The kernel assigns an oom_score to every process. Higher score = more likely to be killed. The score is based primarily on memory consumption, with adjustments via oom_score_adj.

# Check the oom_score of your processes
for pid in $(pgrep -f myapp); do
  echo "PID: $pid, OOM Score: $(cat /proc/$pid/oom_score)"
done

# Or for all processes
ps -eo pid,comm,rss | awk '{print $1, $2, $3}' | while read pid comm rss; do
  score=$(cat /proc/$pid/oom_score 2>/dev/null)
  echo "$score $pid $comm $rss"
done | sort -rn | head -20

Why the OOM Killer Chose Your Application

The OOM Killer is not random. It uses a scoring algorithm that factors in:

RSS (Resident Set Size) — how much physical memory the process is using
Process age — newer processes score higher (more likely to be killed)
oom_score_adj — a tunable value from -1000 to +1000 that biases the score

A Java process with a 4GB heap on a 4GB instance will almost always be the OOM Killer's first target. This is expected behaviour — but it means the root cause is almost always over-allocation or a memory leak, not the OOM Killer itself.

Recovery

Immediate — restart the killed service:

sudo systemctl start myapp
# Or if systemd has restart configured, it may already be back up
systemctl status myapp

Check if systemd is configured to restart on kill:

# /etc/systemd/system/myapp.service
[Service]
Restart=always
RestartSec=5s

If Restart=always is set, systemd will restart the process automatically after an OOM kill. This is not a fix — it is a safety net. Without it, your application simply disappears until someone notices.

Root Cause Patterns

Pattern 1 — Memory leak The application's memory usage grows over time without bound. Common in:

Java applications with incorrect heap sizing or unbounded caches
Python applications holding large data structures in memory
Node.js applications with EventEmitter listener leaks

Identify by watching RSS over time:

# Watch a specific process's memory every 5 seconds
watch -n 5 'ps -p $(pgrep -f myapp) -o pid,rss,vsz,comm'

Pattern 2 — JVM heap misconfiguration The JVM defaults to using up to 25% of physical memory for heap. On a 4GB instance that is 1GB. If your application needs 3GB, you will be OOM killed regularly.

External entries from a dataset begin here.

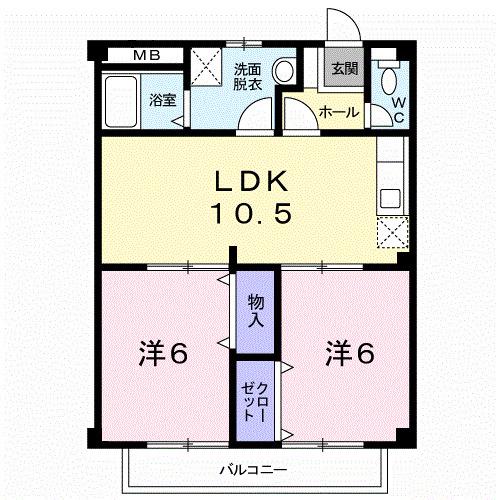 パルネット細川(2LDK/2階)の間取り写真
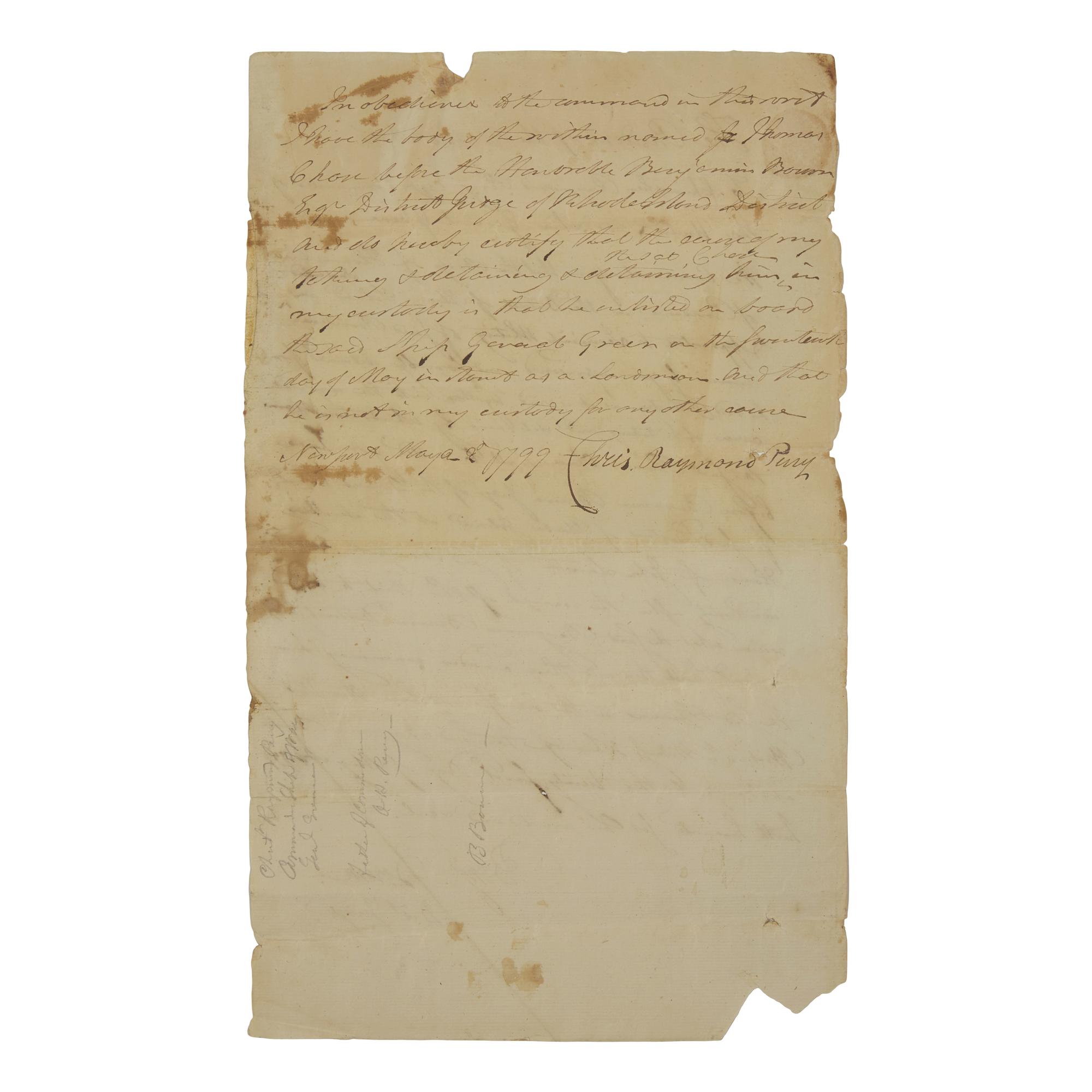 [Americana] Perry, Christopher Raymond. Autograph document, signed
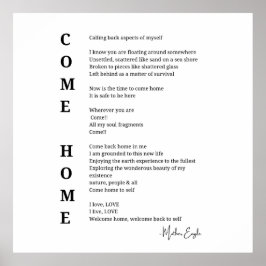 Come Zuhause Soul Inspiration Gedicht Wall Art Poster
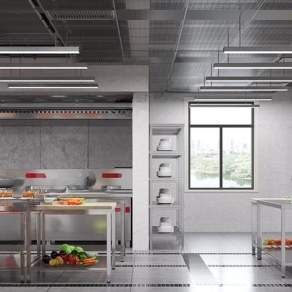 现代食堂后厨3D模型下载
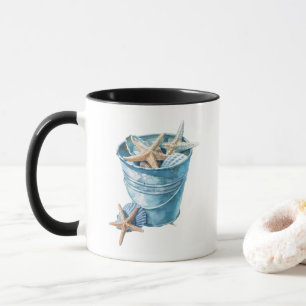 Muscheln - Blaues Aquarellbild Tasse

# Incorrect — JVM will use default heap and may be killed
java -jar myapp.jar

# Correct — set heap explicitly
java -Xms2g -Xmx3g -jar myapp.jar

But: do not set -Xmx to the total instance memory. The JVM also needs memory for the metaspace, thread stacks, and native code. On a 4GB instance, -Xmx3g is the practical maximum.

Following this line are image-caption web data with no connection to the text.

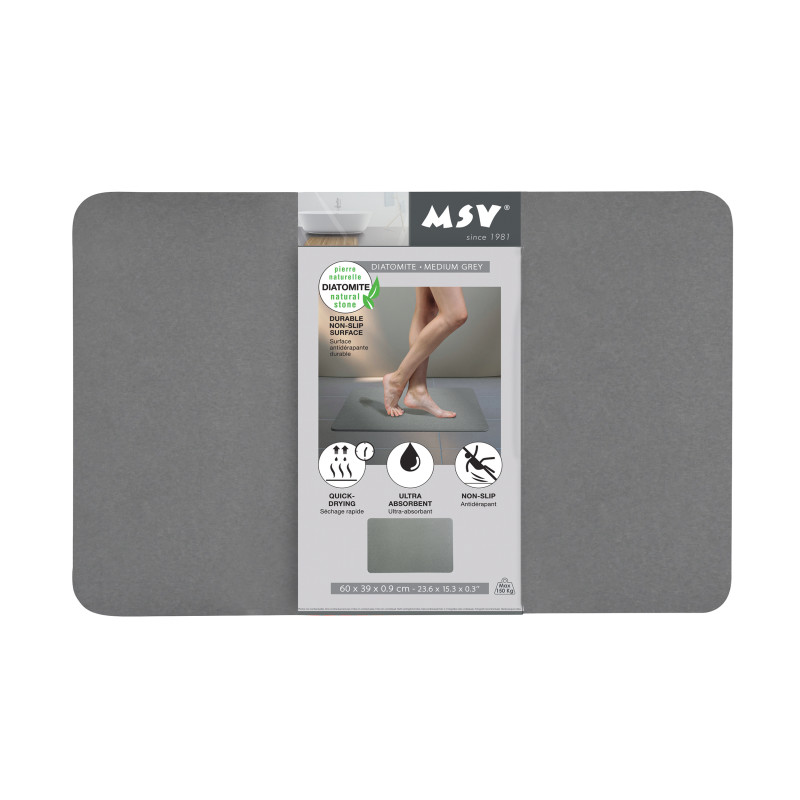 Alfombrilla de baño de diatomita gris medio 60 x 39 cm MSV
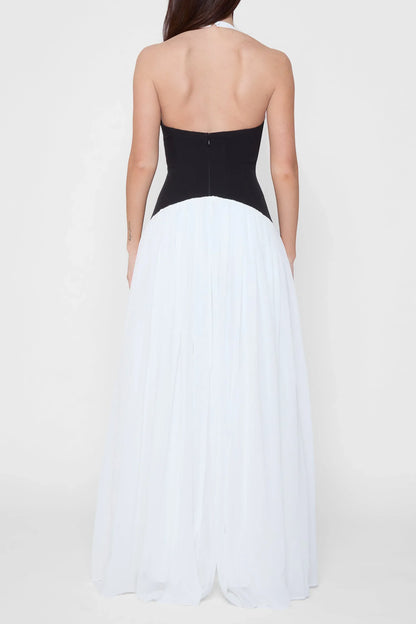 Leia | Women's Plunge Halter Corset Maxi Dress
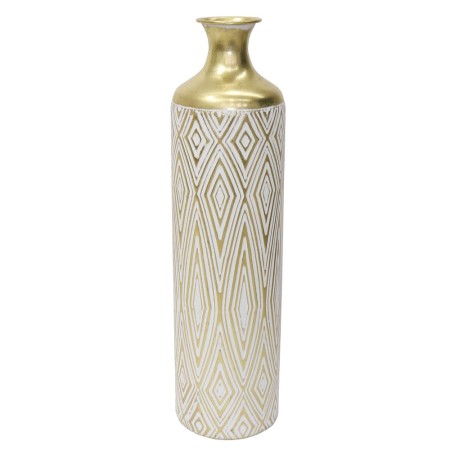 Vase DKD Home Decor Métal Blanc Colonial (15 x 15 x 58 cm)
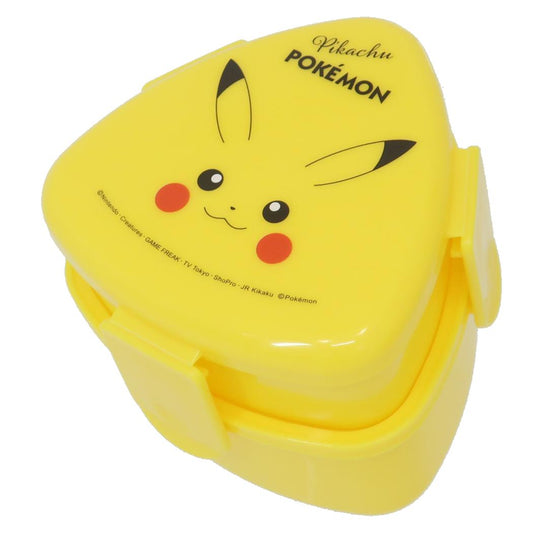抗菌三角おにぎりランチボックス＆ケース お弁当箱 ポケットモンスター ピカチュウ フェイス 23 ポケモン スケーター 2段 ランチボックス コンパクト 電子レンジ対応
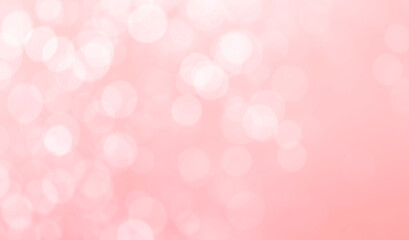 Beautiful White Bokeh De-focused A Pink Abstract Background. Celebration Festive, Romantic Love ValentinesTheme. Circles Blurred Pink Backdrop.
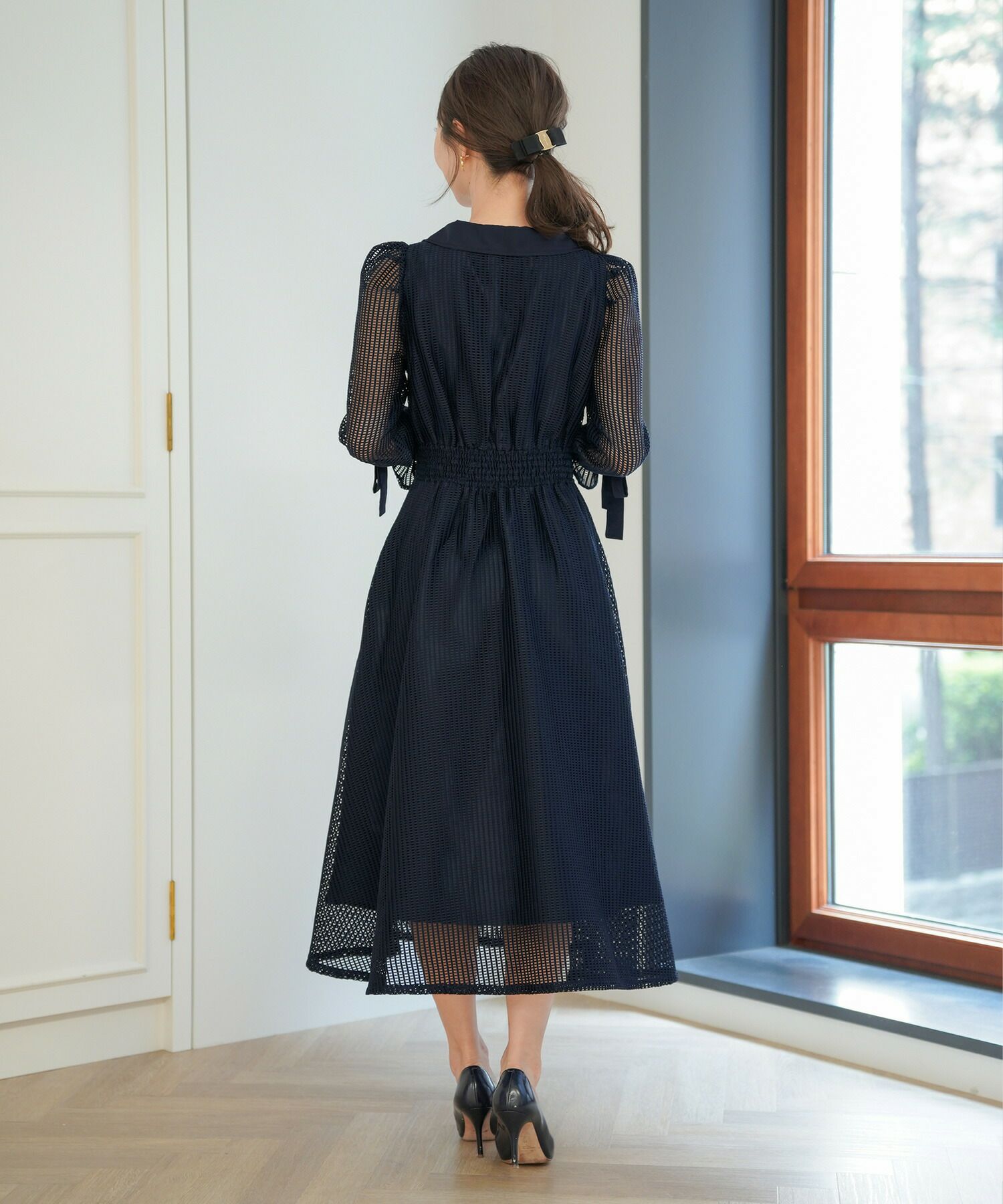 7分袖 リボンフレア レース ワンピース le reve vaniller 全3色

Pattern 3 — Overcommit without swap Linux allows memory overcommit — processes can be allocated more virtual memory than exists physically. When the physical memory is actually needed and none is available, the OOM Killer fires. AWS instances typically have no swap by default.

Add swap as a safety buffer (not a solution, but it buys time):

# Create a 2GB swapfile
sudo fallocate -l 2G /swapfile
sudo chmod 600 /swapfile
sudo mkswap /swapfile
sudo swapon /swapfile

# Make it permanent
echo '/swapfile none swap sw 0 0' | sudo tee -a /etc/fstab

Pattern 4 — Too many processes on an undersized instance You are running Prometheus + your application + a build agent on a 2GB instance. One of them will be killed. The fix is either to upsize the instance or move workloads apart.

Prevention

Protect critical processes from the OOM Killer:

# Set oom_score_adj to -1000 to make a process effectively immune
# (only root can set negative values)
echo -1000 > /proc/$(pgrep -f myapp)/oom_score_adj

# Or in a systemd unit file (persistent across restarts)
[Service]
OOMScoreAdjust=-900

Use this carefully. Making your application OOM-immune means the kernel will kill something else instead — potentially a more important system process.

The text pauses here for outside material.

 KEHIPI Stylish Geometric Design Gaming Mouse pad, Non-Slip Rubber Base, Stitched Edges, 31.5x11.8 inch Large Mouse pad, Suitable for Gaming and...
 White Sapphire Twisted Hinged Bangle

Make less critical processes more likely to be killed first:

# Score of +1000 = kill this first
echo 1000 > /proc/$(pgrep -f worker)/oom_score_adj

Set memory limits on containers (ECS / Docker):

If you are running containers without memory limits, a single container can consume all available memory and trigger OOM kills on other containers.

{
  "containerDefinitions": [{
    "name": "myapp",
    "memory": 2048,
    "memoryReservation": 1024
  }]
}

memory is the hard limit — the container is killed if it exceeds this. memoryReservation is the soft reservation used for scheduling.

Alert before memory is exhausted:

CloudWatch metric: mem_used_percent (requires CloudWatch agent)

Alert thresholds:

75% — investigate
85% — action required before the next traffic spike causes an OOM event

✦ Test Your Knowledge

1.Your application vanishes with no error in its own logs. What is the most likely cause?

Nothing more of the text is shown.